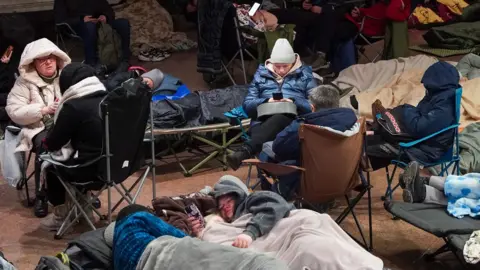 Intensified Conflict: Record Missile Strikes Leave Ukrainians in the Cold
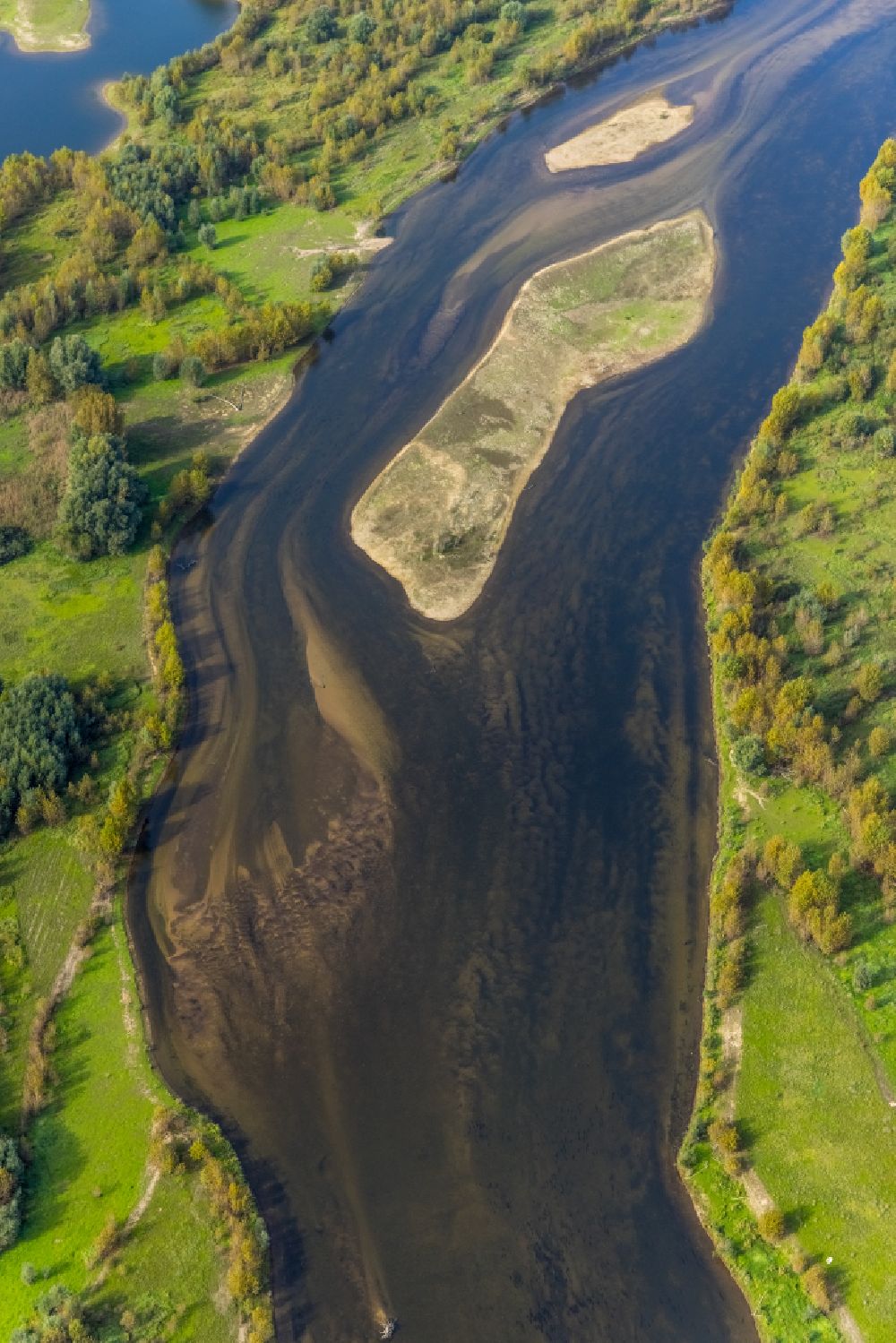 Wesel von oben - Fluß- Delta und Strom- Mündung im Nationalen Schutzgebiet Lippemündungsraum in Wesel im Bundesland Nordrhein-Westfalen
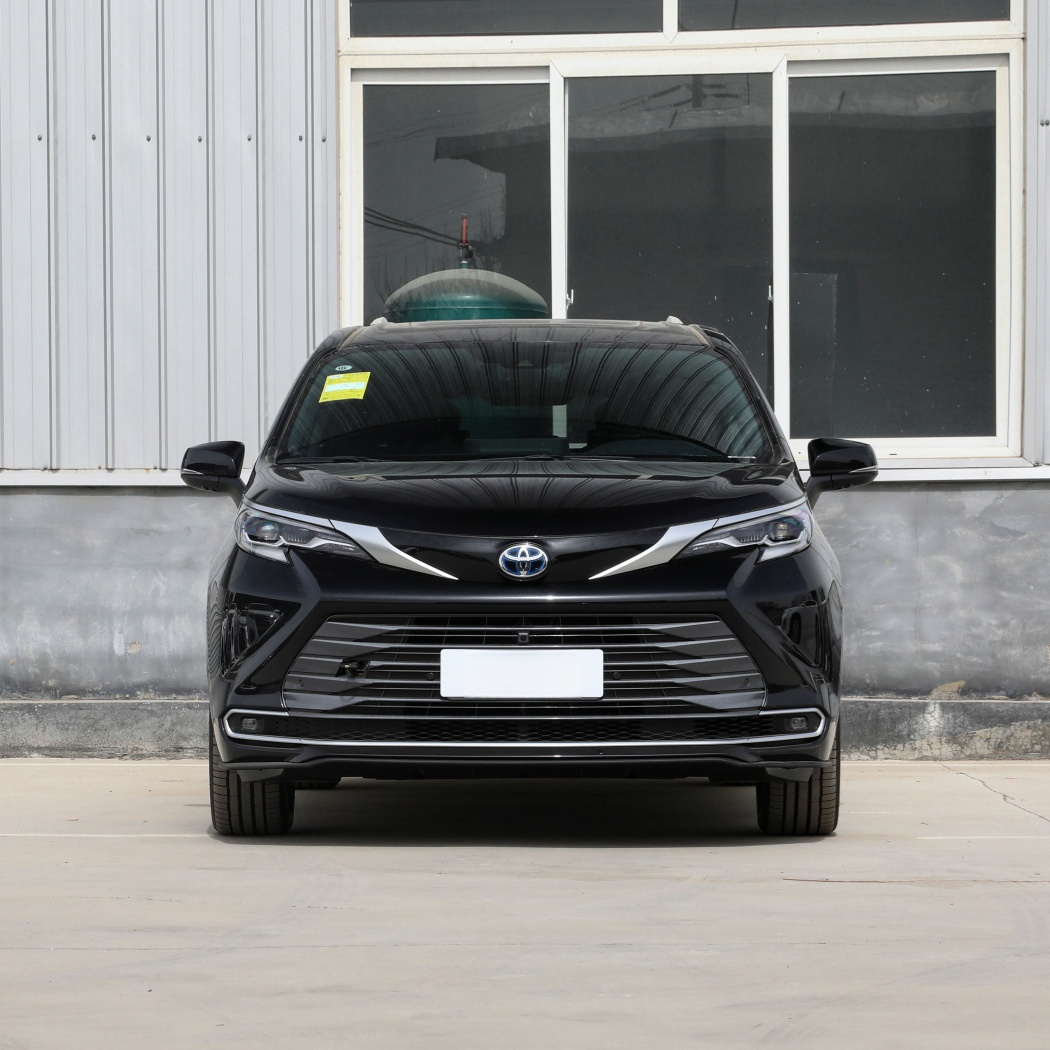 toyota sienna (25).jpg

###

__Aim of the task__: Retype the data above exactly; pictures are not part of the copy.

__Task result__:
 Intensified Conflict: Record Missile Strikes Leave Ukrainians in the Cold
 Wesel von oben - Fluß- Delta und Strom- Mündung im Nationalen Schutzgebiet Lippemündungsraum in Wesel im Bundesland Nordrhein-Westfalen
 toyota sienna (25).jpg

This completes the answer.